It’s no surprise that the Yukon grabbed silvers in the boys’ midget and bantam hockey, and fourth in the women’s league, at the 2008 Arctic Winter Games.
At least, it’s no surprise if you are aware of the top-notch hockey camps available each summer at the Canada Games Centre.
“The level of talent in the Yukon just keeps increasing and we’ve seen the bar raised every single year,” said Ranj Pillai, the director of the Northwestel Summit Hockey Camp.
“We’re looking at 20-plus players who are playing outside of the Yukon, either at a junior A, junior B or a major junior level … A lot of that has just happened over the last five years. And we’d like to think this camp was a catalyst for that to occur.”

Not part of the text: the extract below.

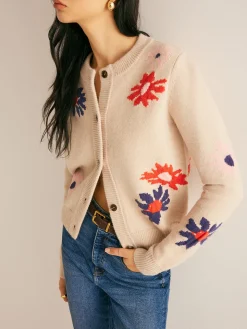 Floral Pattern Breasted Soft Cardigan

The one-week Northwestel Summit Hockey Camp wrapped up its fifth-annual program last Friday.
Although it shares many characteristics with other camps, it has one element few others can match: world-class coaching.
Since the camp first began five years ago, coaches Danny Flynn and Joe Martin have been making the trip north to help hone the hockey skills of the Yukon’s youth.

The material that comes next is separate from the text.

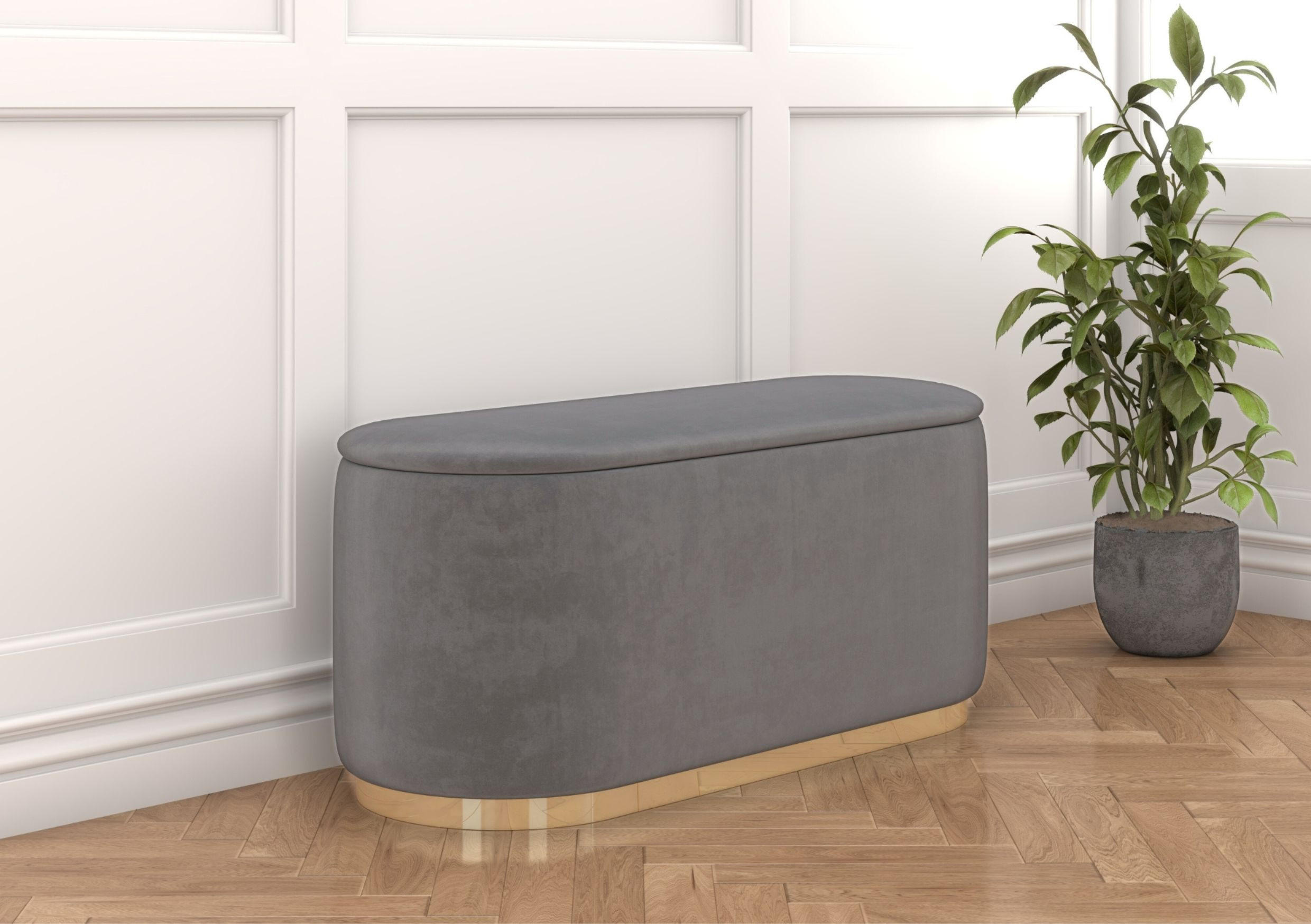 POUF Scarlett mit Stauraum, goldene Basis, 110/47/45 cm, Hellgrau - Goldfarben/Hellgrau, Holzwerkstoff/Textil (110/47/45cm) - Dancan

“To be able to fly someone in who has NHL experience, a national championship at the university level, two national championship at the major junior level is just fantastic,” said Pillai, referring to Flynn.
Flynn, the camp’s head instructor, coaches the Moncton Wildcats of the Quebec Major Junior Hockey League.
However, his skills as a coach led him to the highest echelon of hockey, spending a year as an assistant coach with the New York Islanders in the NHL.
Also, as head coach for St. Francis Xavier University in Nova Scotia, he led the school to its first national championship in its 100-year history.
“Our numbers were excellent in both the morning camp and the evening camp,” said Flynn of the Whitehorse initiative. “I think it ran flawlessly and we continue to make it better each year.”
Another coach, who also has been with the camp since its conception, is Joe Martin, Team Yukon’s Canada Games coach in 2007 and the Arctic Games coach in 2006.
Martin came up from BC where he coaches the Creston Valley Thunder Cats in the Kootenay International Junior Hockey League, a junior B league.
“It’s great to have such a big turnout, we didn’t know we would have so many kids,” said Martin. “There’s 13, I think, from Teslin, three from Old Crow … every year there kids from lots of communities and of course a big number from Whitehorse.”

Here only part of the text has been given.